Bridging the Gap: Moving on from YA fiction to Adult and Classical Novels

Rosie works in a bookshop whilst studying English at Cambridge and has noted a common tendency of young adults to stick to Young Adult (YA) and teen fiction. Here are her tips on advancing reading skills for GCSE age or younger teens:

Having worked (and essentially grown up) in the children’s section of a bookshop I have a huge fondness for Young Adult fiction. It’s often the most progressive and daring new literature, not to mention crucial in shaping each new generation of readers. But, I’ve also noticed that children in Key Stages 1-3 are encouraged to read above their age range so that are constantly challenged.
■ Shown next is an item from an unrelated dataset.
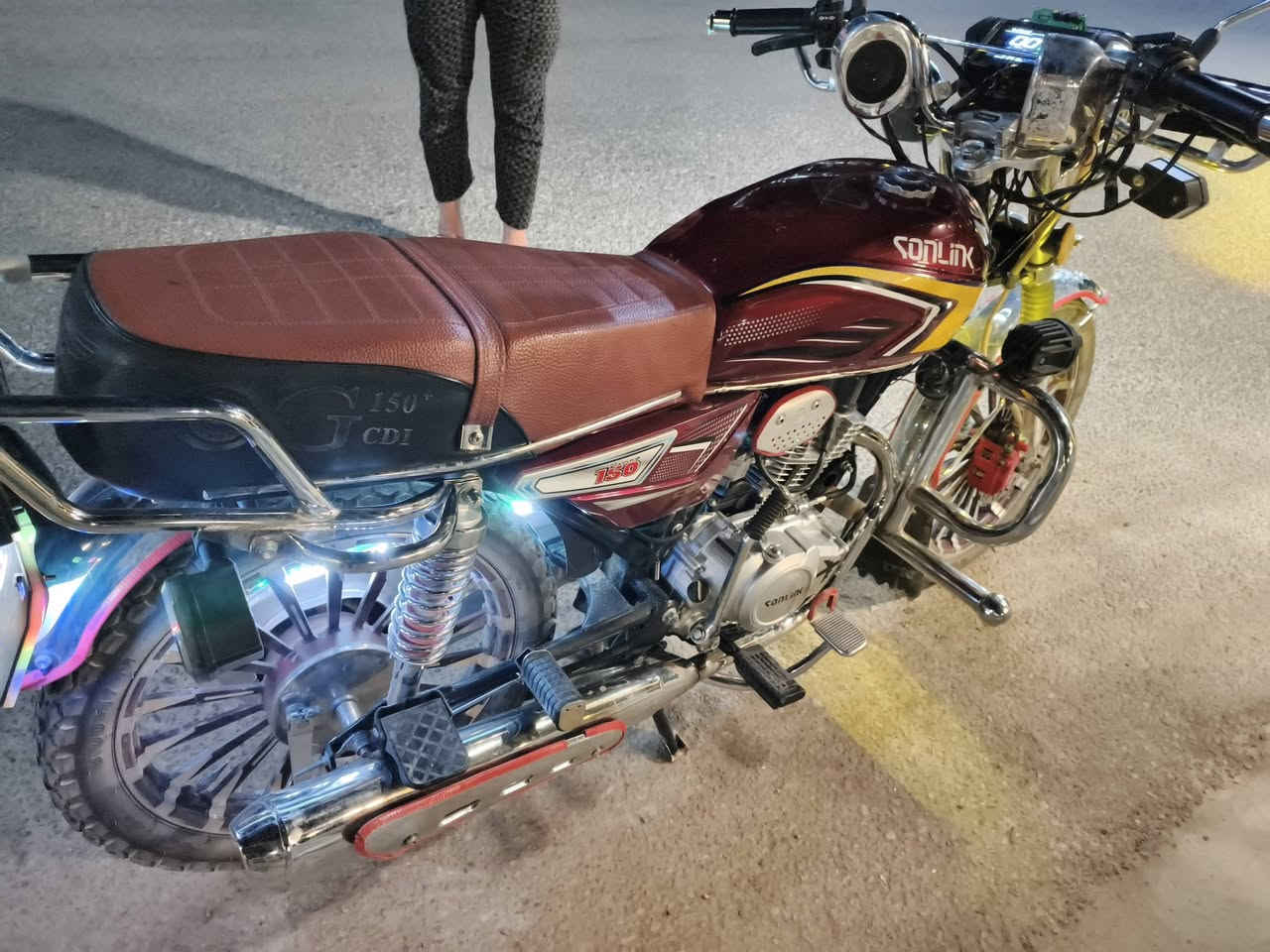 سولنك موديل 24 ضاغطه وزنجيل محرك 150 بعده عشركه فول الفول كماليات برغي مامفتوح بي يرهم بيع ويرهم مراوس واي استفسار هاذا رقمي ***********
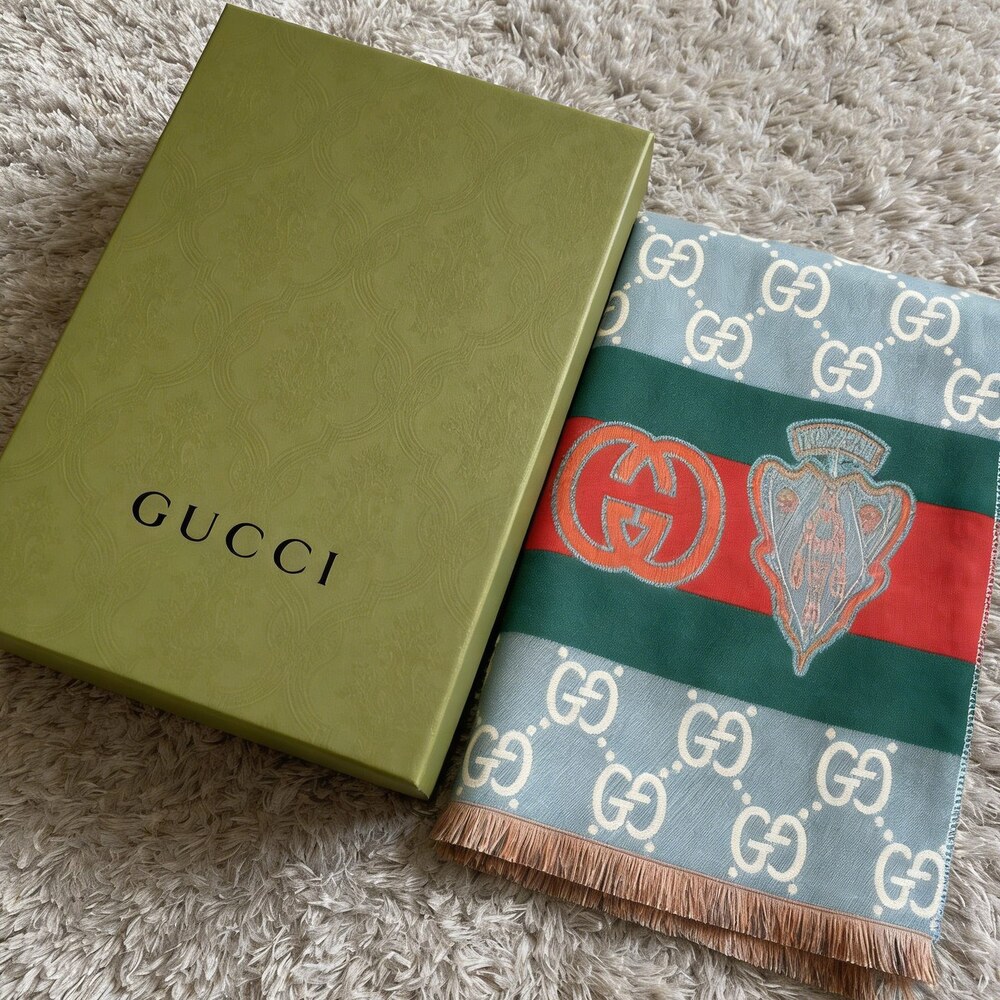 Gucci Blue Cream GG Crest Stripe Scarf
In this way their reading ability advances and they move onto increasingly more complex works. Although this system seems obvious it fails to pay enough attention to teenage readers. YA or ‘teen’ fiction is a broad term that can too easily be used to cover all of secondary school. If a book is accessible for enthusiastic 12 years olds, how can it also aim to cover 18 year readers who are about to begin higher education? Moreover is the simplicity of the writing not patronising for older readers, thus increasing their chance of getting bored? It’s important to acknowledge what YA adult readers are capable of and to encourage them to read fiction that we may refer to as ‘adult’ whether this is contemporary or classic texts. Not only is this essential in order for teenage readers to improve their reading ability, it is also ultimately extremely rewarding.

Grappling with longer and more demanding texts results in a deeper appreciation of story-telling as well as boosting confidence. Once you can manage a few ‘adult’ books the world of reading opens up and you will find something that may completely change your perspective on life. I am not claiming that YA fiction is not worthwhile reading. But for keen readers it’s necessary to encourage their abilities by their mid-teens and for those wishing to study humanities being widely read is essential. The progression to more complex writing doesn’t have to be immediate and it should be enjoyable if a little more challenging. I’ve suggested some of the best books at bridging the gap between YA and adult/classical fiction while still guaranteeing exciting and gripping stories. The following categories are to help guide you to finding what you like but the brilliant thing about these recommended titles is how many themes and genres they incorporate.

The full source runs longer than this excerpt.